Gunung Api Purba yang Menuntaskan Dahaga

By Mahandis Yoanata Thamrin, Selasa, 28 Januari 2020 | 09:29 WIB
Misteri gunung api purba yang menjaga Dusun Likotuden, Desa Kawalelo, Demon Pagong, Flores Timur. (Ricky Martin/National Geographic Indonesia)

 

Nationalgeographic.co.id— “Kakek leluhur saya mendarat di sini,” ujar Petrus Lawe Kolah. Lelaki tua itu menunjuk lokasi pada peta yang tergantung di dinding. Lalu dia berucap, “Pantai Graki.”

Malam itu Petrus baru saja pulang dari pantai pasir putih yang menandai nama leluhurnya. Menurut kisah keluarga, leluhurnya adalah seorang Cina asal dari Jawa yang datang berabad silam. Keluarganya pun mengenang sang leluhur dalam untaian kata sastrawi, Graki Tasi Tuki Huri Sina Haka Jawa Gere.

Graki Tasi, artinya turun ke laut. Tuki Huri, artinya angkat layar. Sina Haka, artinya asal dari Cina. Jawa Gere, artinya asal dari Jawa,” kata Petrus. “Dia digambarkan seorang pelaut yang gagah perkasa.”

Kakek leluhurnya menikahi perempuan asal Ile Mandiri, gunung api yang berada di seberangnya. Kemudian, pasangan itu membangun permukiman di perbukitan. Permukiman mereka berpindah-pindah sampai pada akhirnya keturunan mereka membangun permukiman di pesisir bernama Likotuden. “Liko artinya terlindungi atau melindungi. Tude berarti berteduh,” ungkap Petrus. “Likotuden bisa bermakna tempat perlindungan yang aman.”

Pasangan itu melahirkan marga Kolah, salah satu dari dua marga asli di kampung itu yang masih berlanjut hingga sekarang di Likotuden. Dusun ini diyakini yang tertua di Desa Kawalelo, Kecamatan Demon Pagong, Kabupaten Flores Timur. Jaraknya sekitar 80 kilometer dari Maumere.

Dusun terpencil dan terkucil ini berada di kaki gunung api purba, yang dinding kalderanya tampak menganga ke arah dusun. Tak satupun kisah yang diingat warga tentang erupsi terakhir gunung itu. Namun, tampaknya kaldera itu pecah karena erupsi dahsyat pada ribuan tahun silam. Material erupsinya melaju beberapa kilometer hingga mendesis karena menjamah air laut. Sampai hari ini, jejak erupsi dahsyat itu masih membekas di dusun dan ladang yang tandus. Sejauh mata memandang, terhampar tanah berpasir dan berbatu-batu.
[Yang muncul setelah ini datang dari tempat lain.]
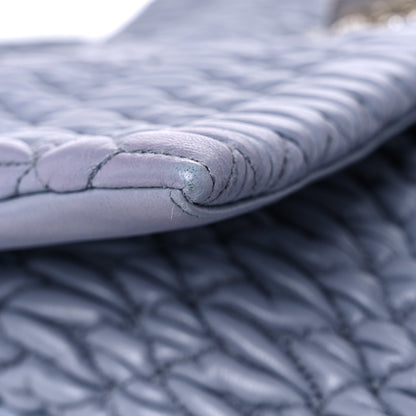 Miu Miu Nappa Matelasse Shoulder Bag Astro 9 of 12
Baca Juga: Berikhtiar Merawat Benteng Kehidupan

Seorang mama berjalan sembari menenteng jeriken menuju kran air yang berada di pekarangan samping kapel dusun. Air tak tersedia setiap hari, sehingga sebagian kebutuhan air dipenuhi dengan membeli dari pemasok air keliling. (Feri Latief/National Geographic Indonesia)
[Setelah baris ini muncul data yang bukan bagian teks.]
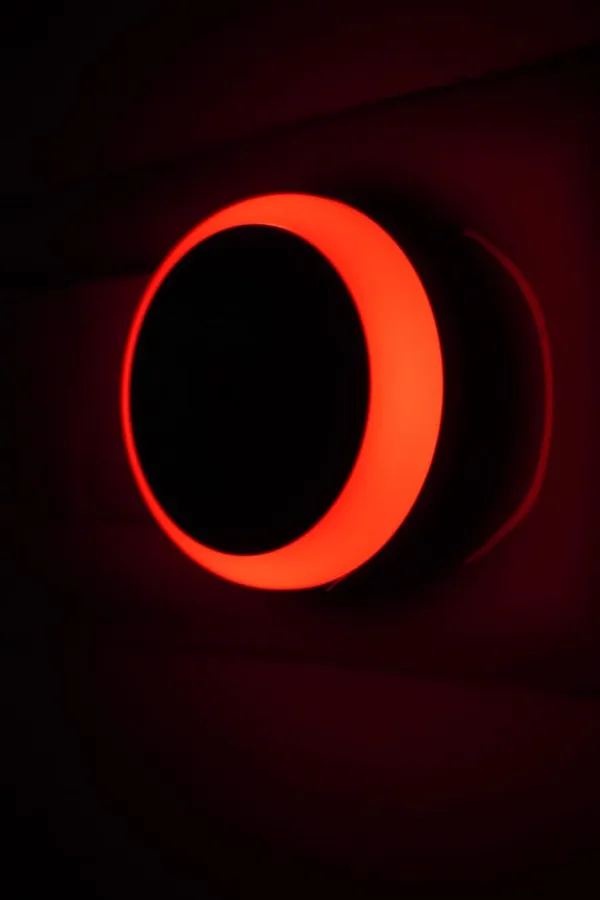 Pack_of_2_Red_Polycorbonate_Sense_D_Light_Circle_For_Home_Decor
Begitu tandusnya, sehingga hanya tanaman padi ladang dan jagung yang bisa tumbuh di sini. Ketandusan itu lengkap kiranya karena musim hujan pun berderai selama tiga-empat bulan saja. Sungguh misterius karena belahan lain gunung ini tampak hijau, basah, dan subur.

Saya bertanya kepada Petrus, mengapa dusunnya begitu tandus, nyaris tak ada tanaman tumbuh saat kemarau. Sumber air pun tak ada yang mengalir langsung di desa ini.
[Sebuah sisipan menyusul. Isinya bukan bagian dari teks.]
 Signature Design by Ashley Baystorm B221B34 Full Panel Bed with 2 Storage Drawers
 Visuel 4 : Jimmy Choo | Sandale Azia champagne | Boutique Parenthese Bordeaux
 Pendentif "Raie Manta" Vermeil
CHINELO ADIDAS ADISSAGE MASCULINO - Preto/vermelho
Dia mengisap sigaret dalam-dalam, lalu mengembuskannya. “Ada legenda mata air Wae Kela,” ujarnya. Dia memulai bercerita,“Ada leluhur terganggu dengan suara derasnya air. Mereka pun menyumbat mata air tersebut. Sejak saat itu tiga sumber air di sini menyusut.”

Kehidupan Likotuden memang tergantung dari curah hujan, yang saat musim hujan turun pun airnya masih kurang. Musim hujan di dusun ini hanya mengguyur selama tiga-empat bulan, sementara musim kemaraunya tujuh-delapan bulan. Kendati jaringan pipa air minum sudah terpasang, pada kenyataannya belum tentu setiap hari air mengucur.